6. A method according to claims 2, 3, 4, or 5, wherein the sequencing is carried out by means of high-throughput sequencing.

7. A method according to claim 1, wherein the high-throughput sequencing is performed on a solid support such as a bead.

8. A method according to claims 6 or 7, wherein the high-throughput sequencing is based on Sequencing-by-Synthesis, preferably Pyrosequencing.

9. A method according to any of claim 7, wherein the high-throughput sequencing comprises the steps of:

(c1) ligating sequencing-adaptors to the fragments;

(c2) annealing sequencing-adaptor-ligated fragments to beads, each bead annealing with a single fragment;

(c3) emulsifying the beads in water-in-oil micro reactors, each water-in-oil micro reactor comprising a single bead;

(c4) performing emulsion PCR to amplify sequencing-adaptor-ligated fragments on the surface of beads;

(c5) selecting/enriching beads containing amplified sequencing-adaptor-ligated fragments;

(c6) loading the beads in wells, each well comprising a single bead; and

(c7) generating a pyrophosphate signal.

10. A method according to claim 1, wherein the complexity reduction is performed by a method comprising the steps of:

(a) Digesting the cDNA with at least one restriction endonuclease to fragment it into restriction fragments;

(b) Ligating the restriction fragments with at least one double-stranded synthetic oligonucleotide adaptor having one end compatible with one or both ends of the restriction fragments to produce adaptor-ligated restriction fragments;

(c) Contacting said adaptor-ligated restriction fragments with one or more oligonucleotide primers under hybridizing conditions, said one or more oligonucleotide primers having a primer sequence including a nucleotide sequence section complementary to part of the at least one adaptor and to part of the remaining part of the recognition sequence of the restriction endonuclease; and

(d) Amplifying said adaptor-ligated restriction fragments by elongation of the hybridized one or more oligonucleotide primers.

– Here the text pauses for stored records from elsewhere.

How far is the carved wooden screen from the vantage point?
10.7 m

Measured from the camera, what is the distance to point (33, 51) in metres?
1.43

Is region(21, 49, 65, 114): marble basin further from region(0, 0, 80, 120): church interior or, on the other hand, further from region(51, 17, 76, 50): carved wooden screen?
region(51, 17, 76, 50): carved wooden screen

11. A method according to claim 10, wherein the primer further comprises a selected sequence at the 3′ end of the primer sequence, said selected sequence comprising 1-10 selective nucleotides being complementary to a section located immediately adjacent to the remaining part of the recognition sequence of the restriction endonuclease.

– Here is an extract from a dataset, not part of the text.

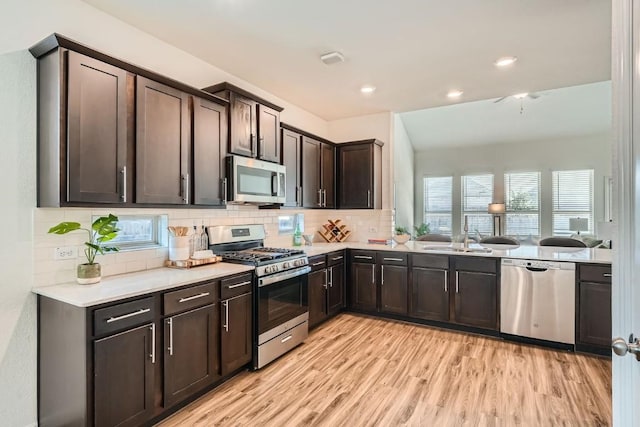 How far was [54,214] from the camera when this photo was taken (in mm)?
2129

12. A method according to claim 11, wherein the selected sequence at the 3′ end of the primer sequence comprises 1-8 selective nucleotides, preferably 1-5, more preferably 1-3.

13. A method according to claim 10, wherein said adaptor further comprises an identifier sequence.

14. A method according to claim 4, wherein the tag is an identifier sequence.